I was picking apples one afternoon, just minding my own business, when this man walked up beside me. He said,

“Maybe if you pick 1011 apples I will love you.” I swear to god to you that’s what he said. And I kept picking my apples, kind of like don’t talk to strangers. It was a late warm month and that afternoon I could feel the sun spreading over the top of my skin; the air was quiet. I get tan in the sun. Very tan.

“I said maybe if you pick 1011 apples I will love you. You will have my love,” and he reached up and stopped my reaching hand. His fingers were surprisingly light. And his touch gentle. I almost didn’t want him to let go but don’t talk to strangers. He was young looking, a tweed coat and fading black trousers. The sun was burning him red. No wrinkles in his face but still there was something old-man about him, something of sitting at the window and looking outside, remembering the way it used to be.

“Why would I want you to love me, my friend” and I know, don’t talk to strangers but I just couldn’t help it, his words were candy and he’d already touched me once. And I couldn’t help it, I couldn’t help calling him my friend. It can be a quiet job, apple picking in this overgrown tangled plot; abandoned. Just your breaths and the apples knocking against each other and the breeze through the tree leaves. Some days.

“If you pick 1011 apples I will love you. And I will drive you away in my red pickup truck and take you where you want to go. That is what every girl wants. You are no different” and I don’t mind his imagination. Even if he does make me an every-girl. The beauty mark below my right eye itches. He steps away from my ladder and stands in the grass sea between rows. There is something lovely about him.
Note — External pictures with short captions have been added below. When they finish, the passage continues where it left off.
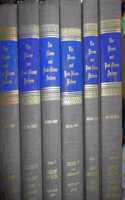 Nicene and Post-Nicene Fathers of the Christian Church - Second Series: Hilary of Poitiers - On the Trinity; On the Synods; John of Damascus - Exposition of the Orthodox Faith v. 9 Hardcover â€“ 1 May 1980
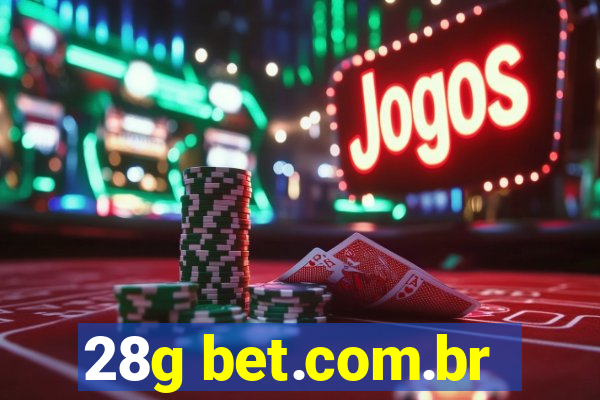 28g bet.com.br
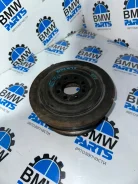 ���� ��������� BMW X5 2007 11237567055 E70 N62B48 11237567055 ����
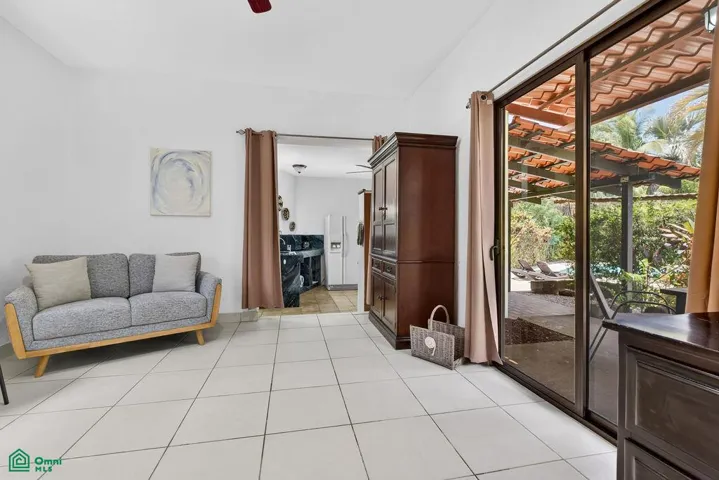 Costa Rica property with high-value location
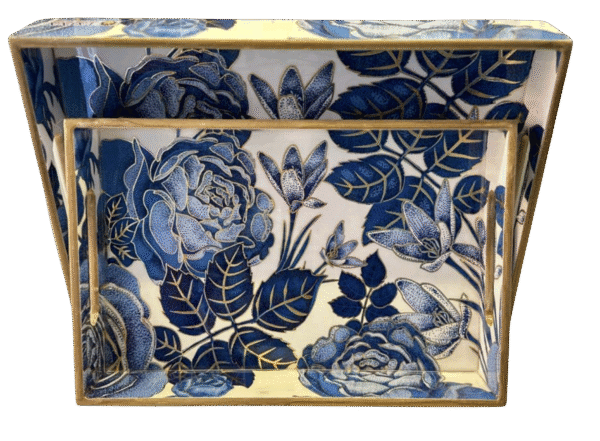 Tray Set Square - Image 4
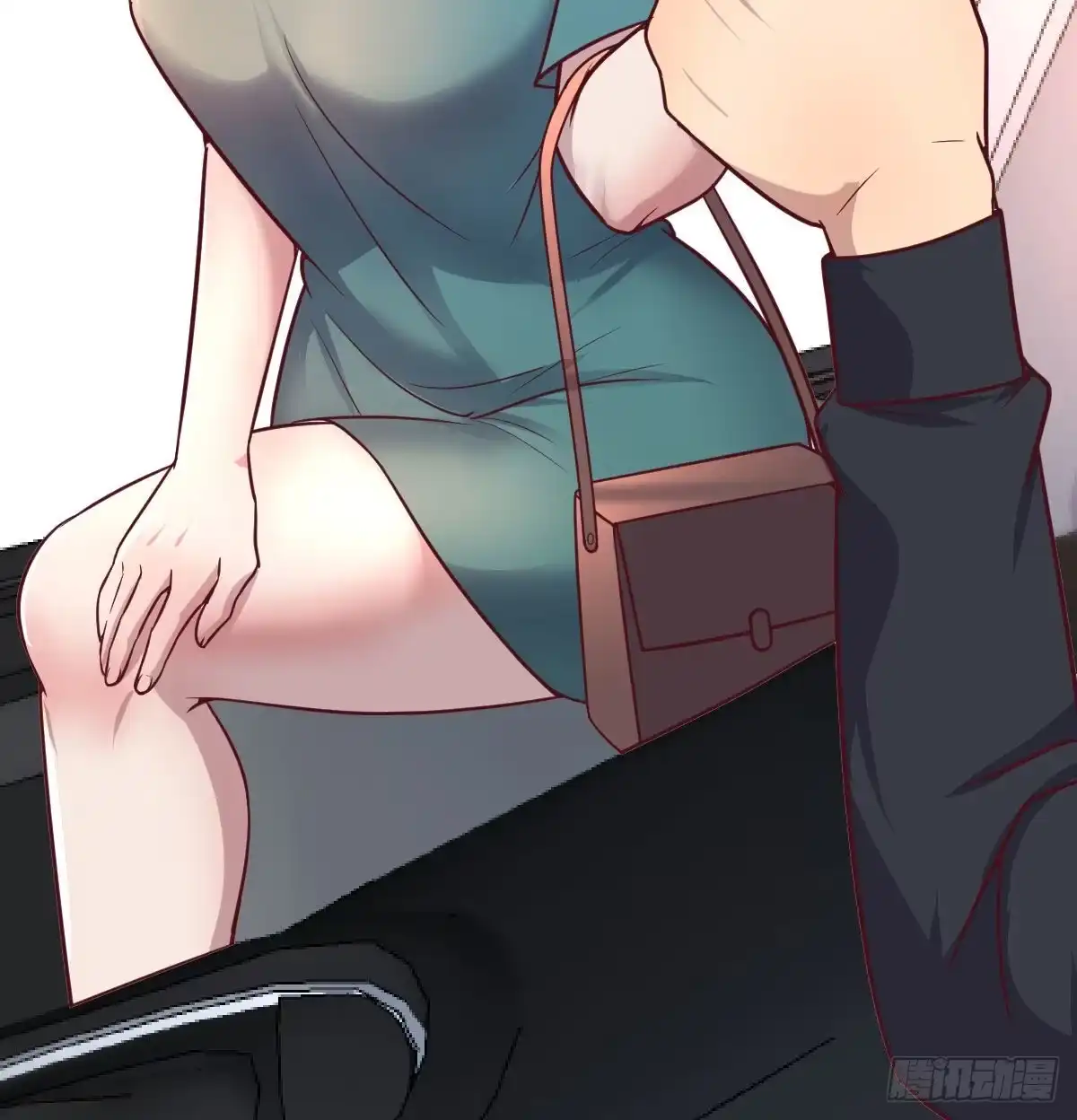 第67页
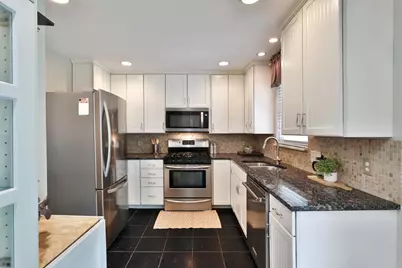 807 Franklin Court, Worthington, OH 43085 - Photo 17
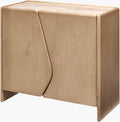 Torrance Cabinet | TRNC002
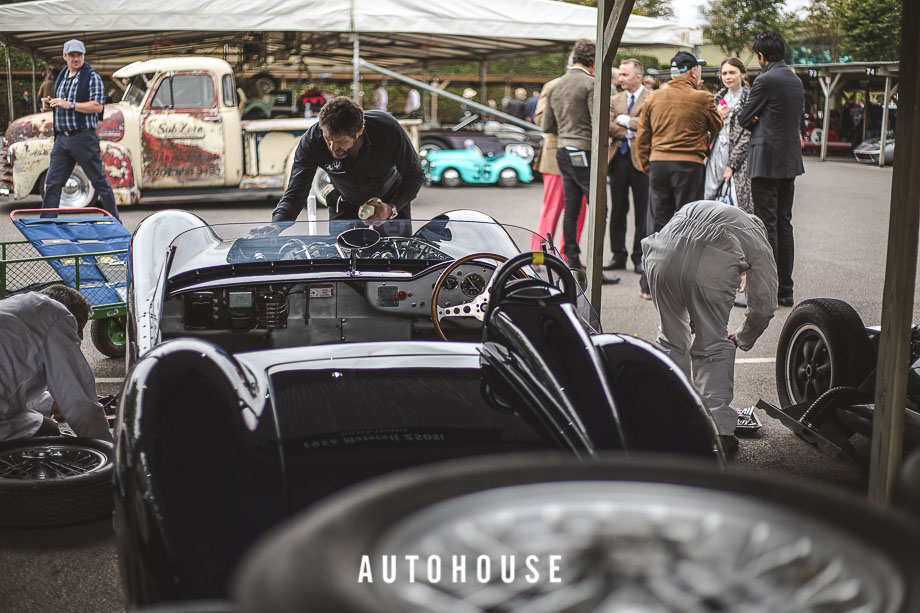 GOODWOOD REVIVAL 2015 (316 of 687)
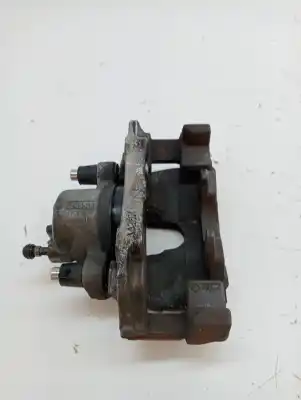 Second-hand car spare part front left brake caliper for volvo v40 d4162t oem iam references 36000731  31341487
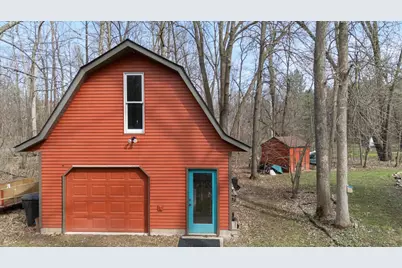 28072 Wilderness Retreat, Pine City, MN 55063 - Photo 25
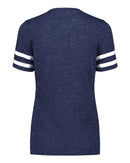 Holloway Women's Monterey T-Shirt 223245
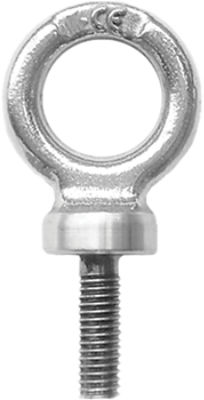 Eye Bolts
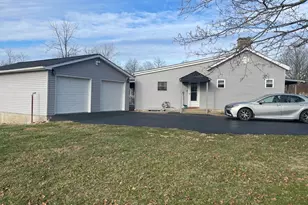 9167 Evergreen Dr, Florence, KY 41042 - Photo 19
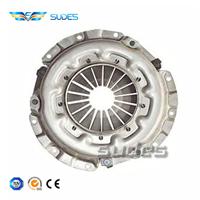 Clutch Pressure Plate No.623 1798 60,123024110 From China Factory For Mitsubishi Pajero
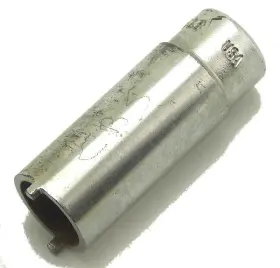 S8368 SNAP-ON Drive Radio Mirror Nut Socket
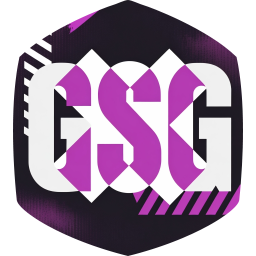 GodSayGambare | GSG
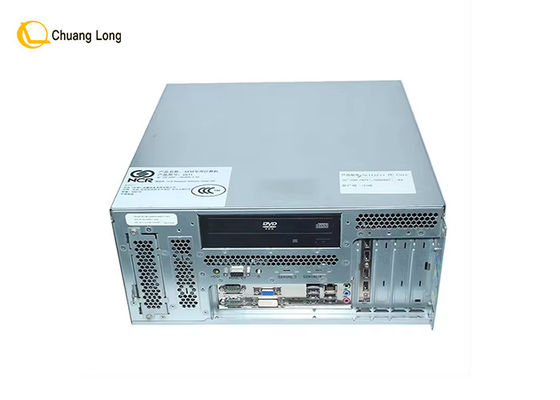 Guter Preis ATM-Maschinenteile NCR Selbstbedienung 66 Pocono PC Kern 4450747103 445-0747103 Online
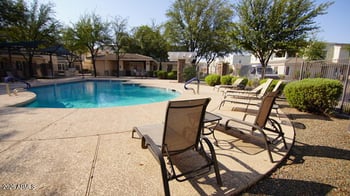 10757 N 74th St #1036, Scottsdale, AZ 85260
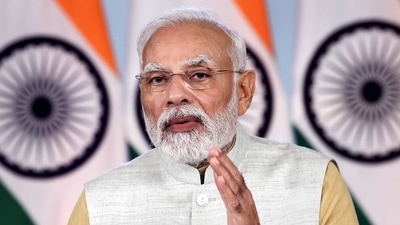 According to the agriculture ministry, PM Modi will address thousands of farmers, agri start-ups, researchers, policymakers and bankers. (PTI) According to the agriculture ministry, PM Modi will address thousands of farmers, agri start-ups, researchers, policymakers and bankers. (PTI)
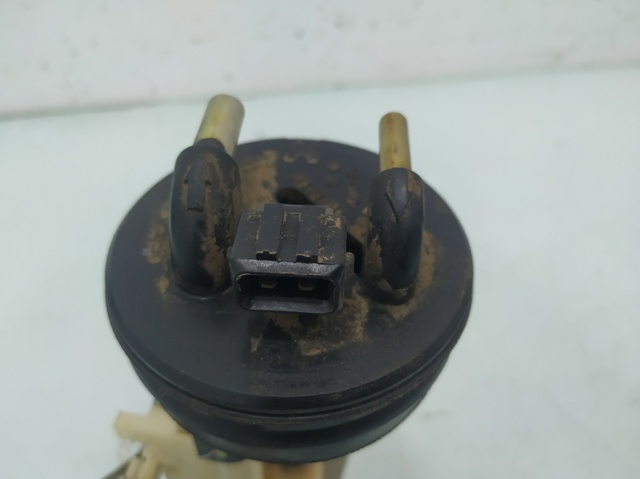 Czujnik poziomu paliwa w zbiorniku 6N0919183A VAG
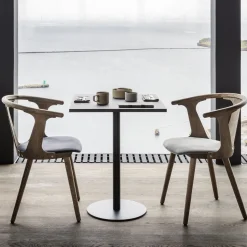 Petit Fauteuil In Between SK2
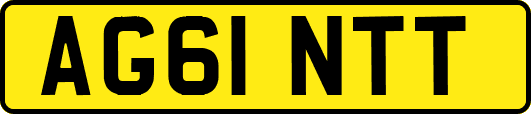 AG61NTT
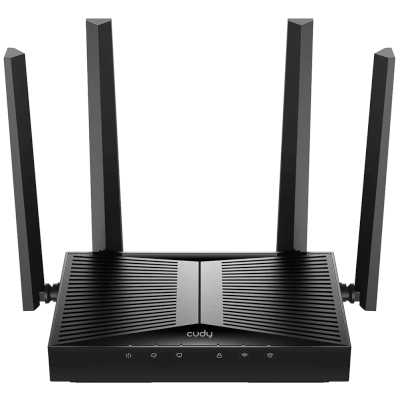 Cudy AP3000D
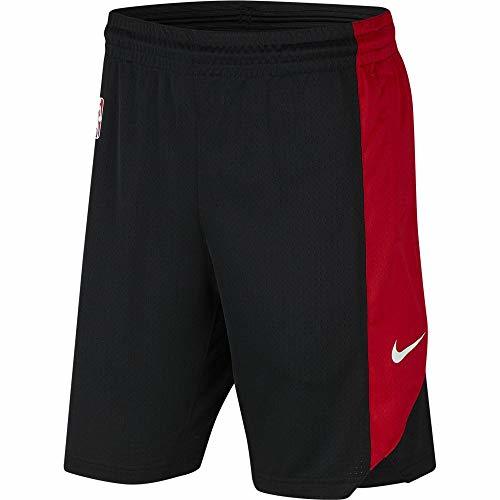 Social Nike CHI M NK Short Practice 18 - Pantalón Corto
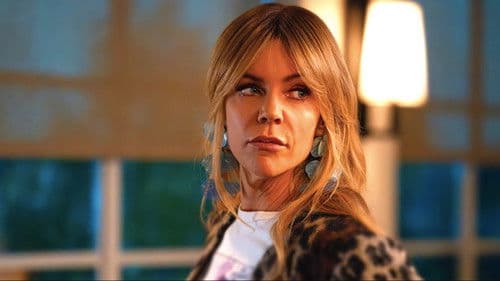 High Potential Bild 5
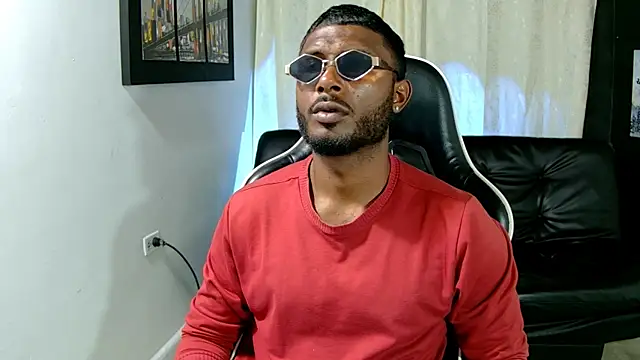 Black indiian online show from January 12, 6:24 pm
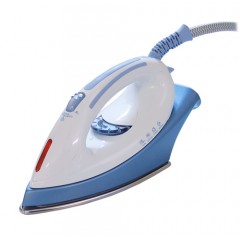 FERRO A VAPORE DE LONGHI 7312810171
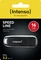 Intenso Speed Line 16GB, USB-A, USB 3.2 Gen 1×1 Vorschaubild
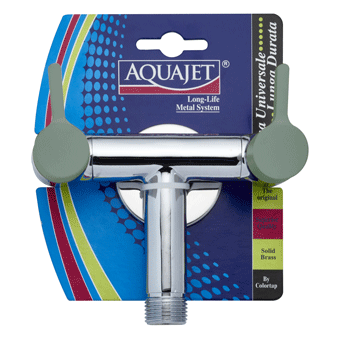 colortap-142-khk-robinet-double-jardin-kaki-1-2-3-4 image 4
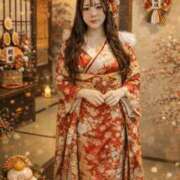 ヒメ日記 2026/01/03 06:35 投稿 らん ノーブラで誘惑する奥さん谷九・日本橋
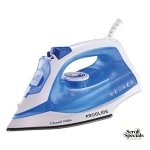 Russell Hobbs 2200w Pro
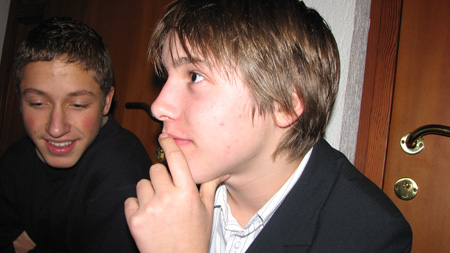 1c Weihnachtsfeier 08 017.jpg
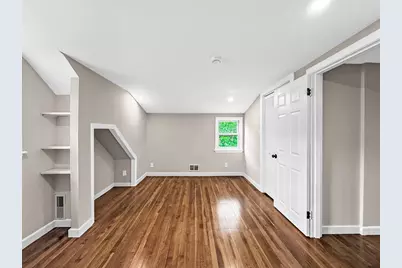 6 Anthony Rd, Tewksbury, MA 01876 - Photo 37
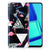 OPPO A52 | A72 TPU Hoesje Flamingo Triangle B2C Telecom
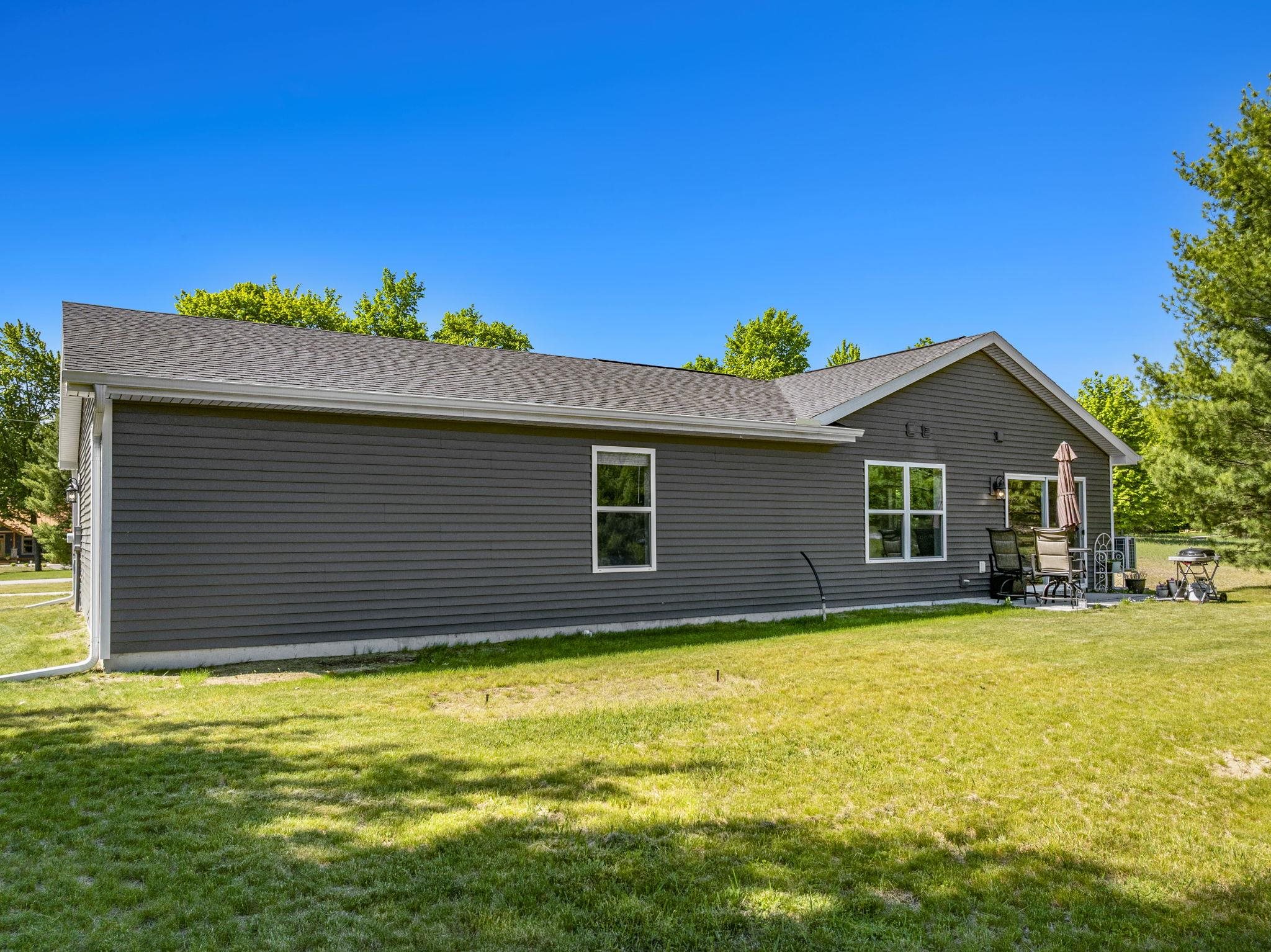 18880 Lance Lane Property Photo 46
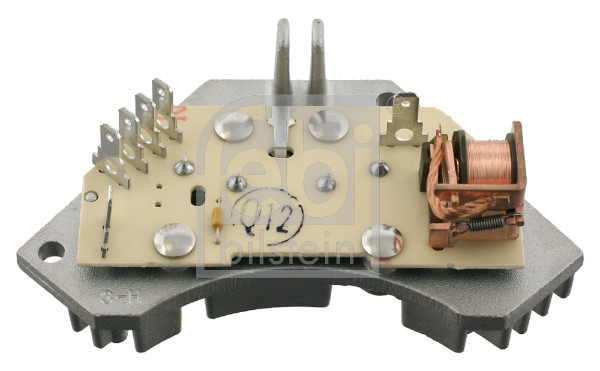 28311 FEBI BILSTEIN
Like an animal smelling a scent and losing its mind to the smell. He must smell the fermenting apples on the ground. That is what’s in the air.

There is a valley and this year like the last I have watched the foliage sweep its fire colors north south east west as the days turn shorter and the sky cooler.

“I can smell you,” he says, not looking at me, just down the row. Maybe he is speaking to the wind.

“Why must I pick a few apples for love, why is it apples equals love. From you?” I ask him this as I reach again for one through the branches, towards the heart of the tree. He says back to me

“If you don’t want to then don’t think of them as apples. Think of them as heads. Just hanging from the trees. And the more heads you pick the more brains you have. Because really in the end love is all in your head, no?” and he still doesn’t look at me but I look at him and then where he is pointed. His eyes go down the row. Intent. He sees something I do not. I go back to my apple picking.